Provided material:
________
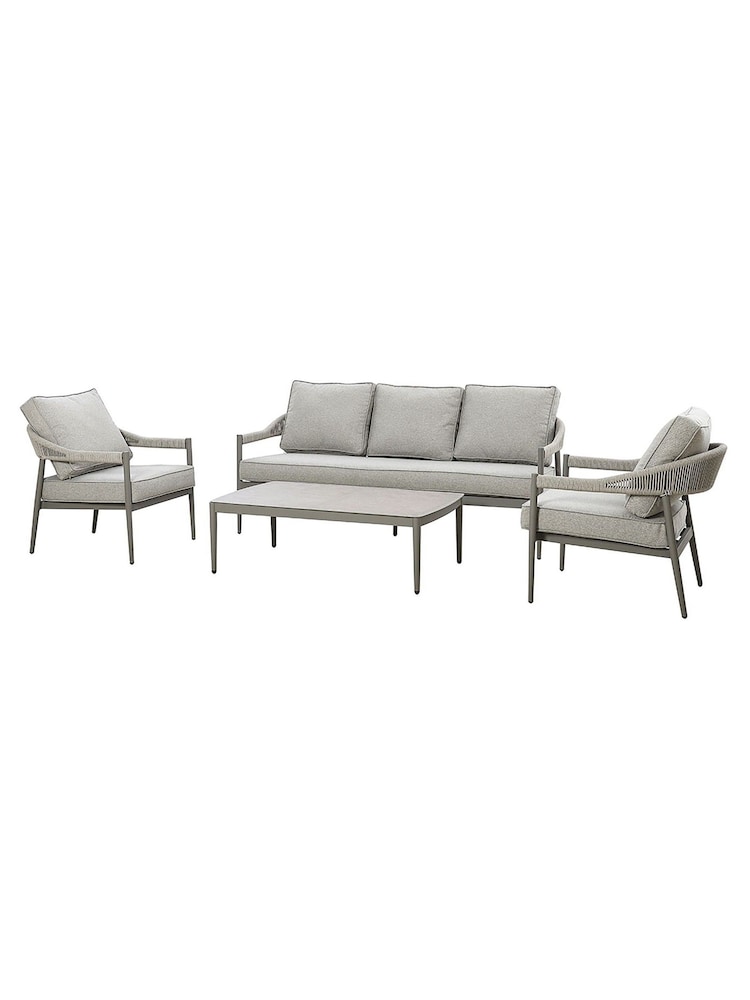 Maze Cool Linen Florence Garden 3 Seater Sofa Set - Image 6 of 6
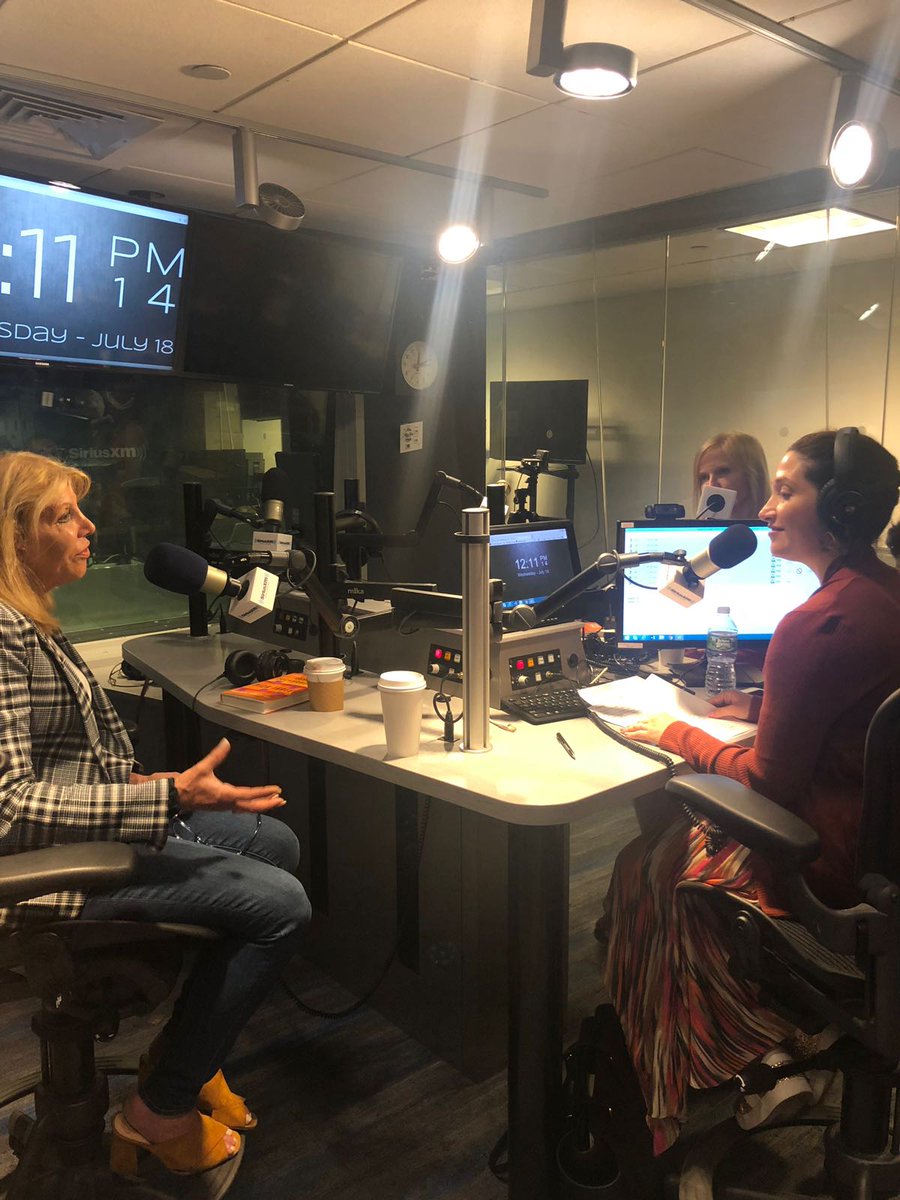 DottieHerman's tweet photo. I had a wonderful time at @siriusxm today! So great to see @randizuckerberg again and join her on #DotComplicated with @fridapolli! A great conversation about business and self-made women. https://t.co/y1FWKMqUkl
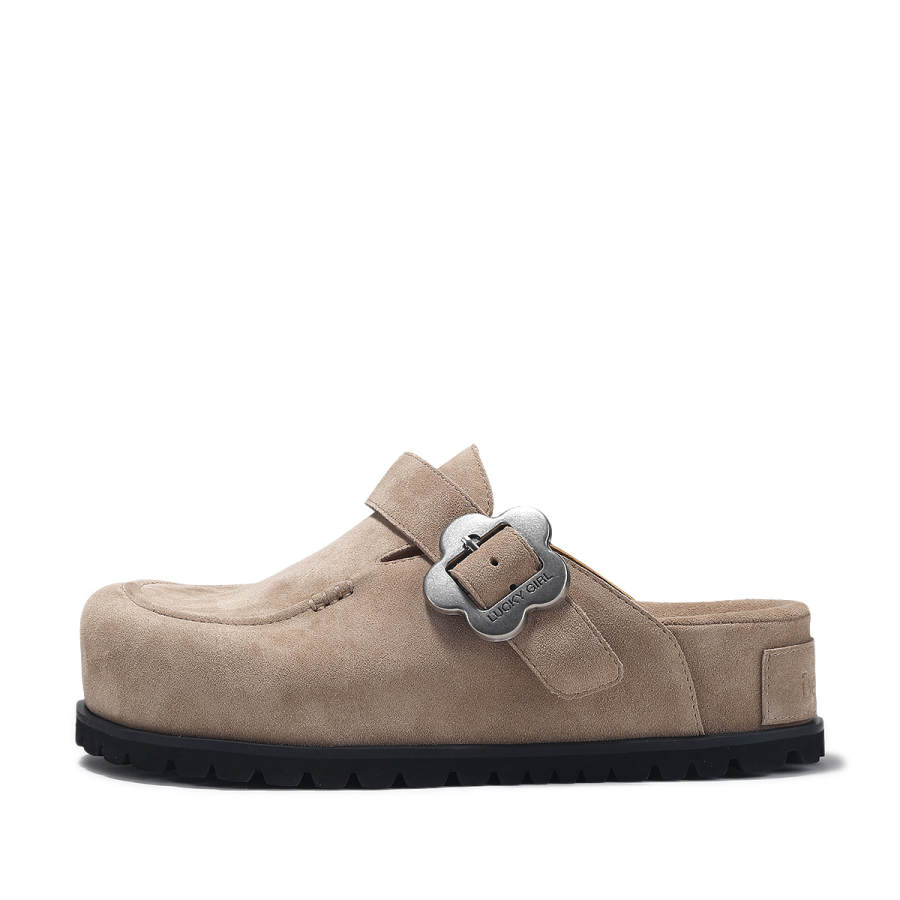 BELLALILY Rubber Sole Abrasion Resistant Closed Toe Slippers Women's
________
Your instructions: Write out, exactly as they appear, the lines from the one containing "DottieHerman's tweet photo." through the end of the material above, excluding pictures.

Written reply:
 DottieHerman's tweet photo. I had a wonderful time at @siriusxm today! So great to see @randizuckerberg again and join her on #DotComplicated with @fridapolli! A great conversation about business and self-made women. https://t.co/y1FWKMqUkl
 BELLALILY Rubber Sole Abrasion Resistant Closed Toe Slippers Women's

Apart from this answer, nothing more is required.